• INFORMATION:
::::::
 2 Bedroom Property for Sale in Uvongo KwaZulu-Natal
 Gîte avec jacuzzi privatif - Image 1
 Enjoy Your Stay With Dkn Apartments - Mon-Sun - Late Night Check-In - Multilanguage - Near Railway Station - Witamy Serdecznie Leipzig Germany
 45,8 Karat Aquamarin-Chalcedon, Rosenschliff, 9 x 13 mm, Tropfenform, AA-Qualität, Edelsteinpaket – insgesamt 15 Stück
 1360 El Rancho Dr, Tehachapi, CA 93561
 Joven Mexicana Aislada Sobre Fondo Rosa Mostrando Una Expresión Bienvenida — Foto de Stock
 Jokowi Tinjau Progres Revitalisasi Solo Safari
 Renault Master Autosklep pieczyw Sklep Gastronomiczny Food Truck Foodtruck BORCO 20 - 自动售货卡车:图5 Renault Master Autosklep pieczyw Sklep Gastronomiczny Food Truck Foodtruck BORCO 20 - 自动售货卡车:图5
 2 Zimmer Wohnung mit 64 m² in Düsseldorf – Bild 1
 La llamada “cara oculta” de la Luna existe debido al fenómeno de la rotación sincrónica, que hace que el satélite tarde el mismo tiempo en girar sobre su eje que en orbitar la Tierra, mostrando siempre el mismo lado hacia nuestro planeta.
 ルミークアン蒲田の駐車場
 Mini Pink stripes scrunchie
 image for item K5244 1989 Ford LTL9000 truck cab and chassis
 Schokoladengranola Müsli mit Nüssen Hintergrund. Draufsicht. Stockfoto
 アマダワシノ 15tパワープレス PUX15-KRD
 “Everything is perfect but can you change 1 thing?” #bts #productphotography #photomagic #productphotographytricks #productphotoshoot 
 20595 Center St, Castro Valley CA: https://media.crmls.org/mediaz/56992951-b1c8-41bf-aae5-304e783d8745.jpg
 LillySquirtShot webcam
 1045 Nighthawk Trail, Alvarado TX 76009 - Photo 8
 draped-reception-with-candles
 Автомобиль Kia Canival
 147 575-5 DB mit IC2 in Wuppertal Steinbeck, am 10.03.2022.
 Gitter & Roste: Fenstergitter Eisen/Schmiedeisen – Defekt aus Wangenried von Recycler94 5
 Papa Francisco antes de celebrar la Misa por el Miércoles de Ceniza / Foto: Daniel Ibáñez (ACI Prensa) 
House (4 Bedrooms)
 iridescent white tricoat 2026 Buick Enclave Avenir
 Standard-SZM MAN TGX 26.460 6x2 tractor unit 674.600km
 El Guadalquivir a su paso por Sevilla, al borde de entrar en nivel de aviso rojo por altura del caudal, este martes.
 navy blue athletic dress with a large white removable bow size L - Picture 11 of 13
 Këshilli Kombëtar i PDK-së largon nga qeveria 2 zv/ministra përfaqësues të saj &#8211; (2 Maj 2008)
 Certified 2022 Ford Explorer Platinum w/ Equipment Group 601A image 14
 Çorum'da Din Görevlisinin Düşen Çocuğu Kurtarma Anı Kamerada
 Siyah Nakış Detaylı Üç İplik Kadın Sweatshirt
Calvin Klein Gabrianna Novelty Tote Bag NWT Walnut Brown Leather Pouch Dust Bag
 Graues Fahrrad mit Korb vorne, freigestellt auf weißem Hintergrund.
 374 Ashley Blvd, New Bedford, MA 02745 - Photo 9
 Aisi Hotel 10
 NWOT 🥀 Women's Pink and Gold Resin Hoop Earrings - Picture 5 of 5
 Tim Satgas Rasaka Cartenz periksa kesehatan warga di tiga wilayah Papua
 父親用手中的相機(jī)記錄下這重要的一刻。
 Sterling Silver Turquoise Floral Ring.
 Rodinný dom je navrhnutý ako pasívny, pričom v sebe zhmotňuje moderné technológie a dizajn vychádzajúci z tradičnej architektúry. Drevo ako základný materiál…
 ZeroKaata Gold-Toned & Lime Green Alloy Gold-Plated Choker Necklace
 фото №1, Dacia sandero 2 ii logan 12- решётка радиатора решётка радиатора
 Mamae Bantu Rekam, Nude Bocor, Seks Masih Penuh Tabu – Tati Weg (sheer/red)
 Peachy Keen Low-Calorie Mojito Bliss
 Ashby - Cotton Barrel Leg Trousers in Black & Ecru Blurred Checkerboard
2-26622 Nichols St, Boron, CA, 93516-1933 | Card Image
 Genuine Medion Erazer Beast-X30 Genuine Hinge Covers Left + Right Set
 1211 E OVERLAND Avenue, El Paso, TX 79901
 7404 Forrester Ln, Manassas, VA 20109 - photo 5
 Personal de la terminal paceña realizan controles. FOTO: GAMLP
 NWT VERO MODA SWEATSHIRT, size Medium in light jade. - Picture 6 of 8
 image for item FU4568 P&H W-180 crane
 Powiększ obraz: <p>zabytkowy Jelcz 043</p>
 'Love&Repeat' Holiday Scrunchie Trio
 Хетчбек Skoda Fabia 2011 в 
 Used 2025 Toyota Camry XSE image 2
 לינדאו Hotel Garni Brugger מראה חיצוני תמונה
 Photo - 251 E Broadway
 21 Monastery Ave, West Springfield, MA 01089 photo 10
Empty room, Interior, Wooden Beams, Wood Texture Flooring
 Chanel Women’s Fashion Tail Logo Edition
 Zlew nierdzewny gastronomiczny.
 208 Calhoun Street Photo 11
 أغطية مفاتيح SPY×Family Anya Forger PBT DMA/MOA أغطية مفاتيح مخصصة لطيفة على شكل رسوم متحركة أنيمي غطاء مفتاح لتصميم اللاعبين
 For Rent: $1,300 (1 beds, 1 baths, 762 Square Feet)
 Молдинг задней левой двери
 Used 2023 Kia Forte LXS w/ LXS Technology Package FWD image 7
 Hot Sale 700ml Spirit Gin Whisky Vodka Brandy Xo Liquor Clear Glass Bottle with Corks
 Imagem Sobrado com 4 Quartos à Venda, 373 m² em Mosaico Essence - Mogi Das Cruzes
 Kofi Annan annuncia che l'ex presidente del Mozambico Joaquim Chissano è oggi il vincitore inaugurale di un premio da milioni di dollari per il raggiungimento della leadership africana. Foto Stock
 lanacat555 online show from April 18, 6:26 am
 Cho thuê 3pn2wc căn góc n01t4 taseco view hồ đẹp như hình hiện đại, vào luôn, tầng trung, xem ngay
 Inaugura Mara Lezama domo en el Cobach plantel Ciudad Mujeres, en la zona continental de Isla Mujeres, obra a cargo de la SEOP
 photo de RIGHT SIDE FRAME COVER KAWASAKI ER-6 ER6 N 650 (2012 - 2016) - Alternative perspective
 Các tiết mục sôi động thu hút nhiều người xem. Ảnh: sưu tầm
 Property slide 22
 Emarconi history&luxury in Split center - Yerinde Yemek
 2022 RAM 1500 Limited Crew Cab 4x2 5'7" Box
::::::
• EXERCISE BRIEF: Copy each line of the entries in which the string "Hotel" is found.

• SOLUTION TO THIS TASK:
 Aisi Hotel 10
 לינדאו Hotel Garni Brugger מראה חיצוני תמונה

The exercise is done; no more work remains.